Verfahrensgang

LG Ulm (Urteil vom 25.07.1997; Aktenzeichen 3 O 192/97)

 

Tenor

1. Auf die Berufung der Klägerin wird das Urteil der 3. Zivilkammer des Landgerichts Ulm vom 25.07.1997 wie folgt abgeändert:

Die Klage ist dem Grunde nach gerechtfertigt. Wegen der Entscheidung zur Höhe wird der Rechtsstreit an das Landgericht zurückverwiesen. Dem Landgericht wird auch die Entscheidung über die Kosten des Rechtstreits einschließlich der Kosten der Berufung übertragen.

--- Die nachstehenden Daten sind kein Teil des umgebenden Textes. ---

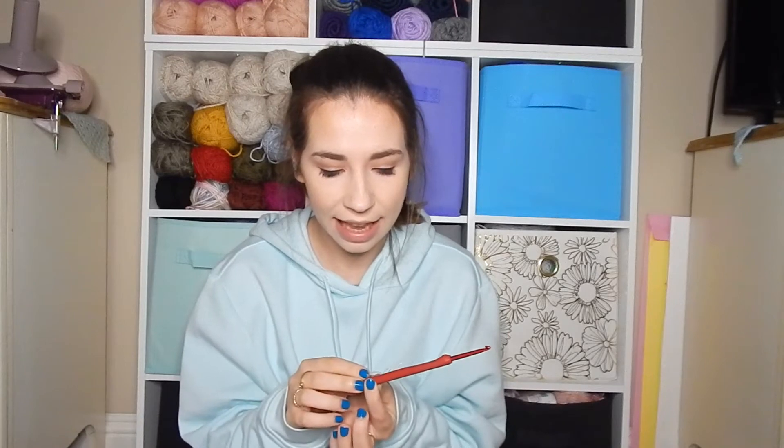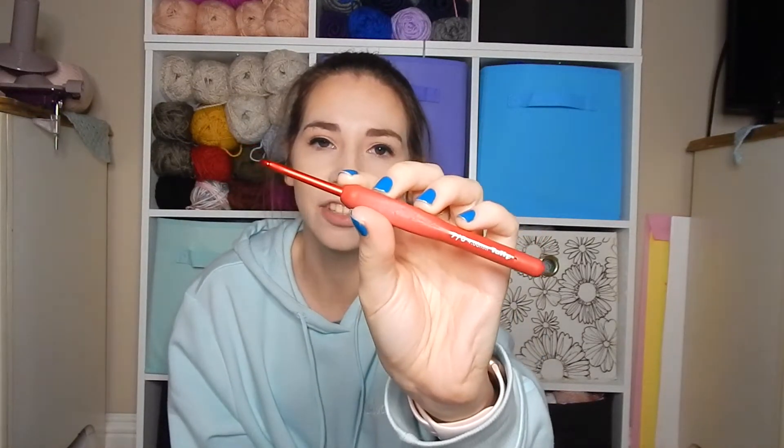So I just bought this one and it's a four millimeter, size G. I believe this is a Japanese brand — it's a size 7 for them, a G for us, but it's all the same, a four millimeter. I got the red one because that was kind of the cheapest one. It's all red, it says Tulip on here, and then it says what size it is. Tulip is also engraved on the back and it says Japan on it.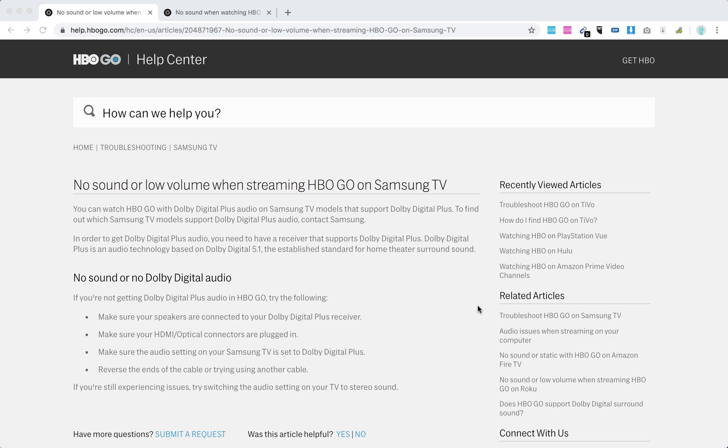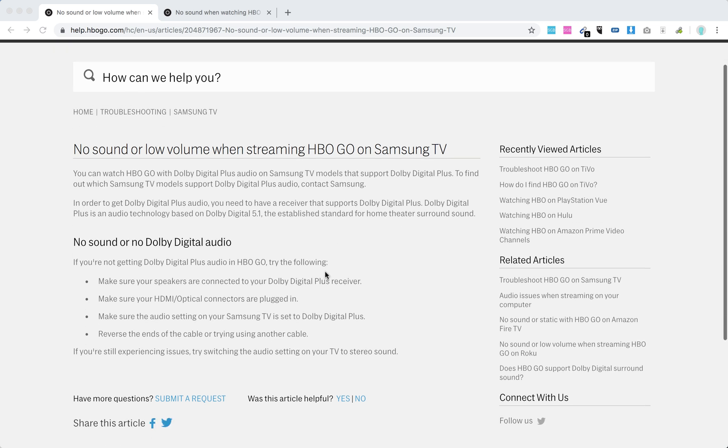Hello everyone. What to do if you have no sound or low volume when streaming HBO GO on Samsung TV? You can also get Dolby Digital Plus audio on Samsung TV models that support Dolby Digital Plus.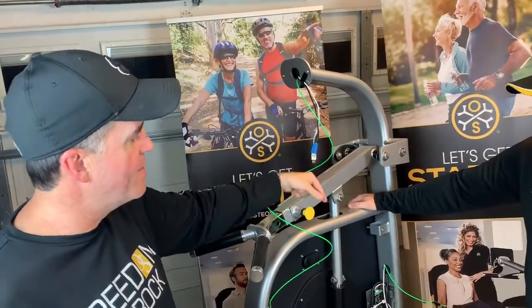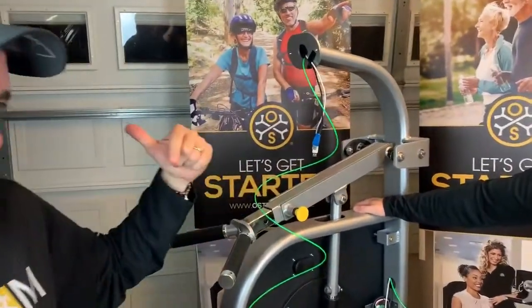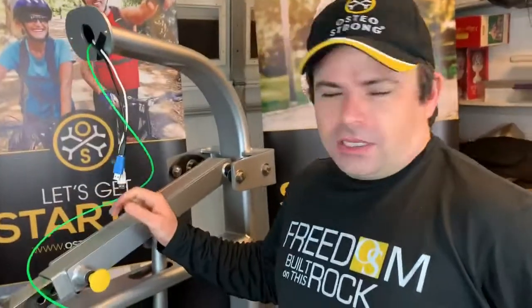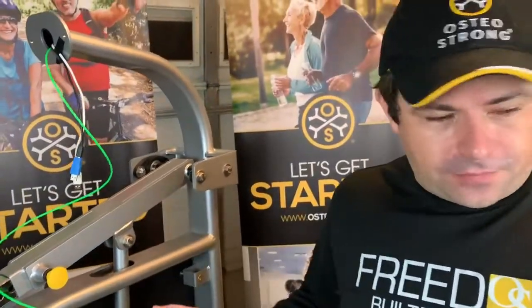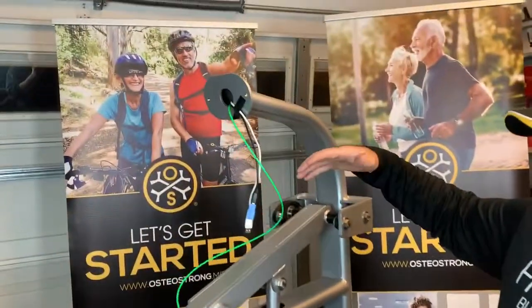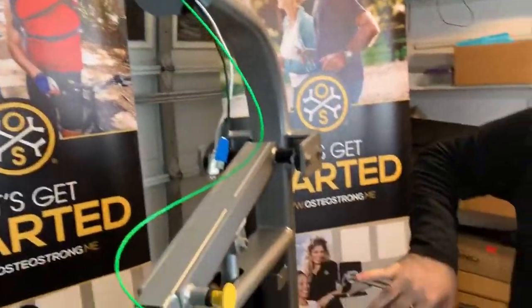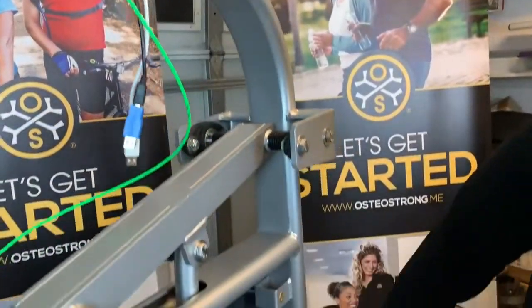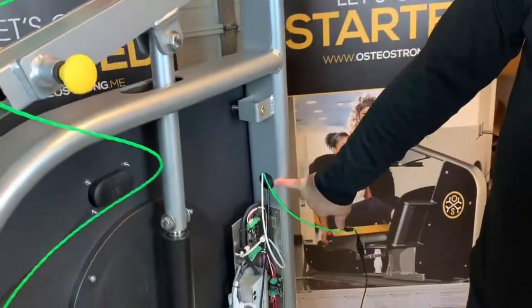Basically, what you're going to want to do is run this down through there, tie it off, and pull it up. I'll have Reed take you through the process. I've already kind of started the process for you, but basically whatever you're going to use, you can do it two ways — you can start from the top and work your way down. The hole is right above your controller, right here. Some people have more success starting from the bottom and coming up.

2. Das Urteil ist vorläufig vollstreckbar.

Streitwert des Berufung und Wert der Beschwer für die Beklagte: 113.187,79 DM

 

Tatbestand

Die Klägerin unterhält bei der Beklagten die nach § 67 StBerG vorgeschriebene Haftpflichtversicherung. Sie hat sich gegenüber einer Mandantin, der Firma R. GmbH, schadensersatzpflichtig gemacht, weil sie die Investitionszulage für das Jahr 1994 verspätet beantragt hat und weil diese Investitionszulage daher nicht gewährt wurde.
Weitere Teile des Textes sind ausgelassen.